%%
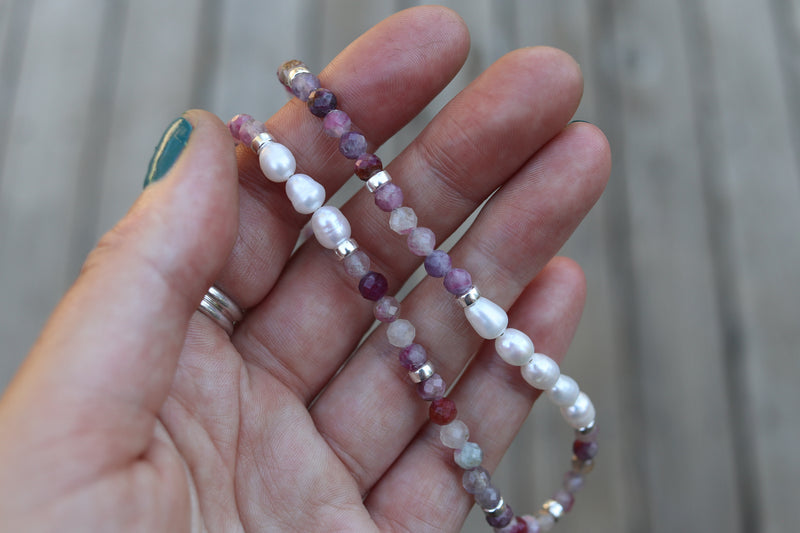 Pink Tourmaline x Freshwater Pearls Beaded Necklace (16 inches + 2 inch chain extender)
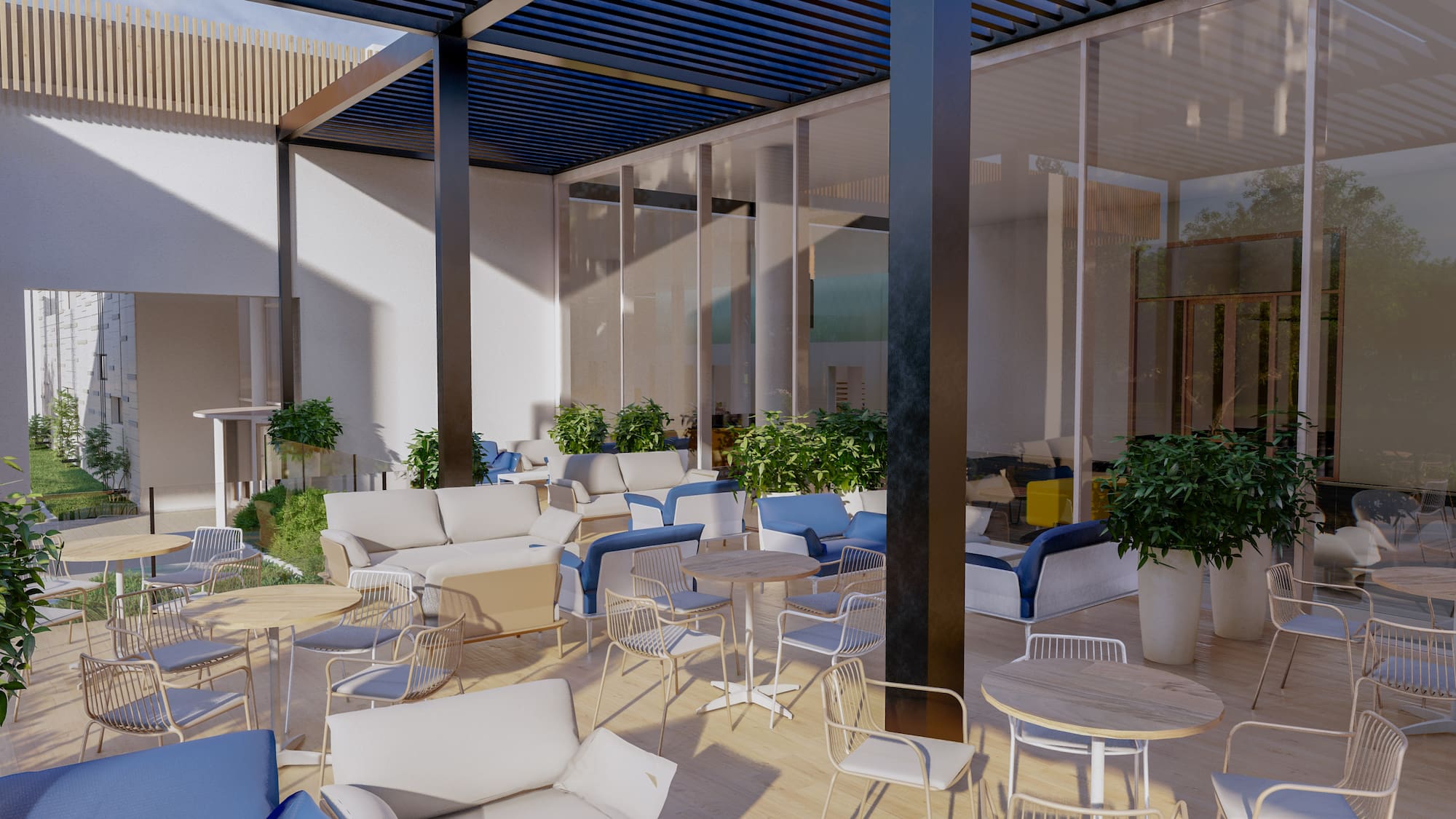 a patio with chairs and tables
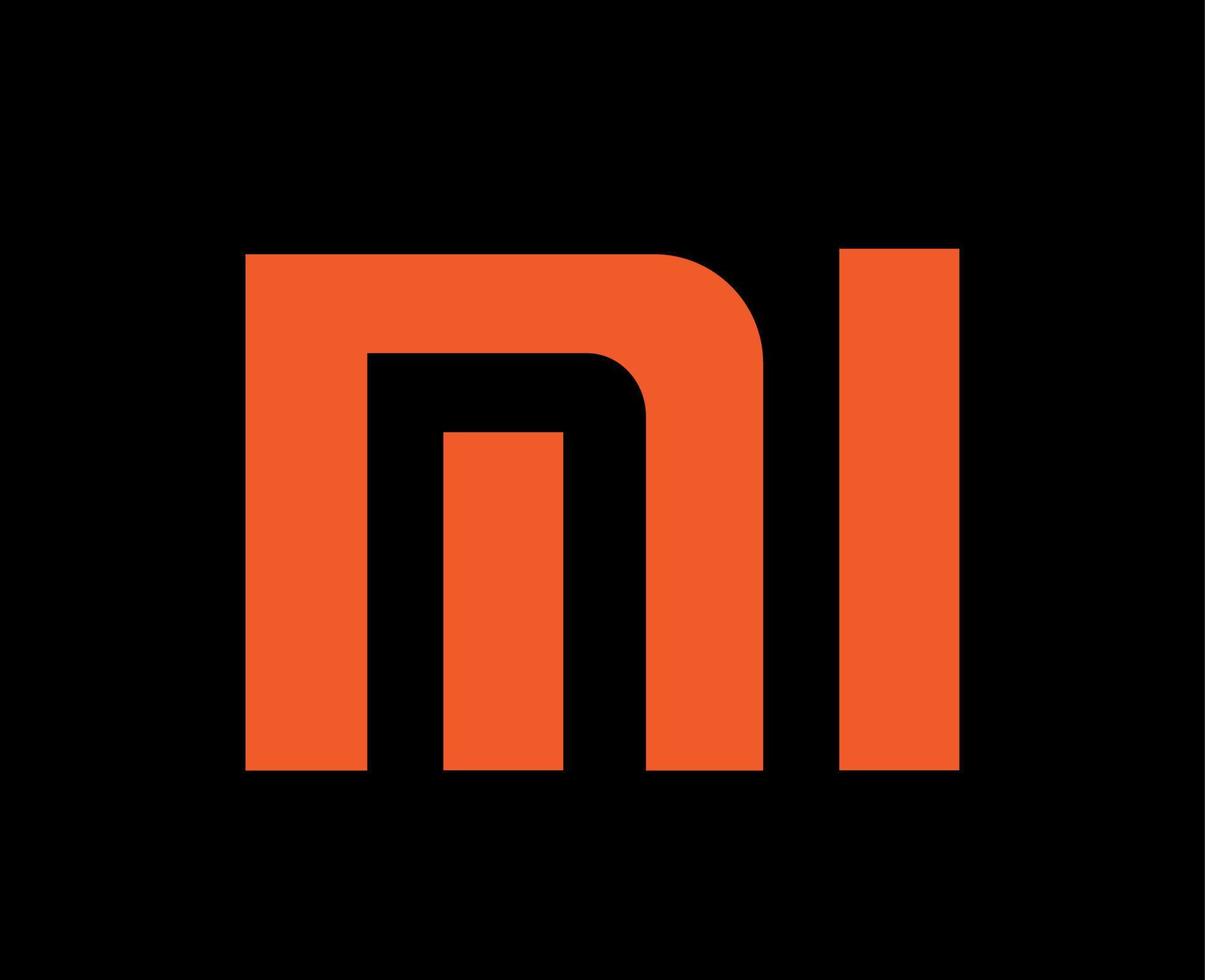 xiaomi varumärke logotyp telefon symbol orange design kinesisk mobil vektor illustration med svart bakgrund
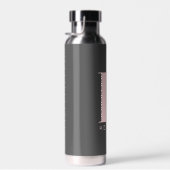 Bouteille D'eau Monogramme simple rose vif sur gris charbon (Plage)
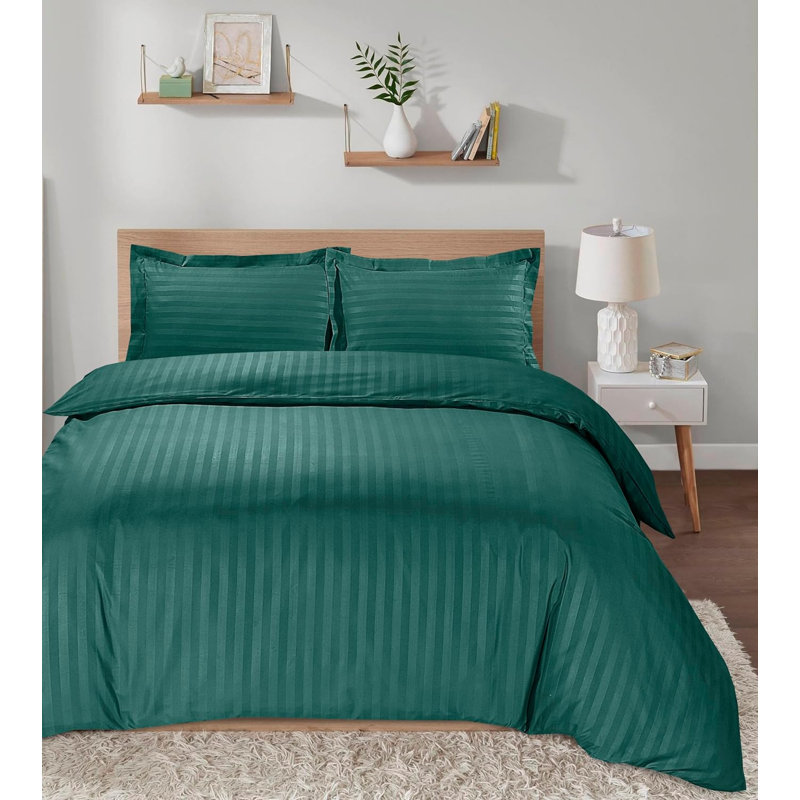 Neacsu Microfiber Striped Duvet Cover Set with Pillowcases Included, Double Duvet Cover + 2 Standard Pillowcases, Jade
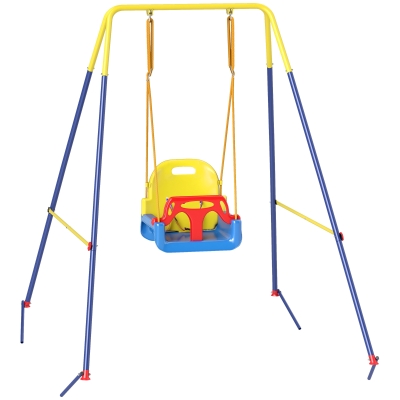 AIYAPLAY 3 in 1 Toddler Swing Set, Folding Child Swing Set with Seat Belt, Adjustable Seat for Outdoor Indoor, Blue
%%
# [Directions]
Reproduce the whole listing above character for character; pictures do not belong in it.

# [Solution]
 Pink Tourmaline x Freshwater Pearls Beaded Necklace (16 inches + 2 inch chain extender)
 a patio with chairs and tables
 xiaomi varumärke logotyp telefon symbol orange design kinesisk mobil vektor illustration med svart bakgrund
 Bouteille D'eau Monogramme simple rose vif sur gris charbon (Plage)
 Neacsu Microfiber Striped Duvet Cover Set with Pillowcases Included, Double Duvet Cover + 2 Standard Pillowcases, Jade
 AIYAPLAY 3 in 1 Toddler Swing Set, Folding Child Swing Set with Seat Belt, Adjustable Seat for Outdoor Indoor, Blue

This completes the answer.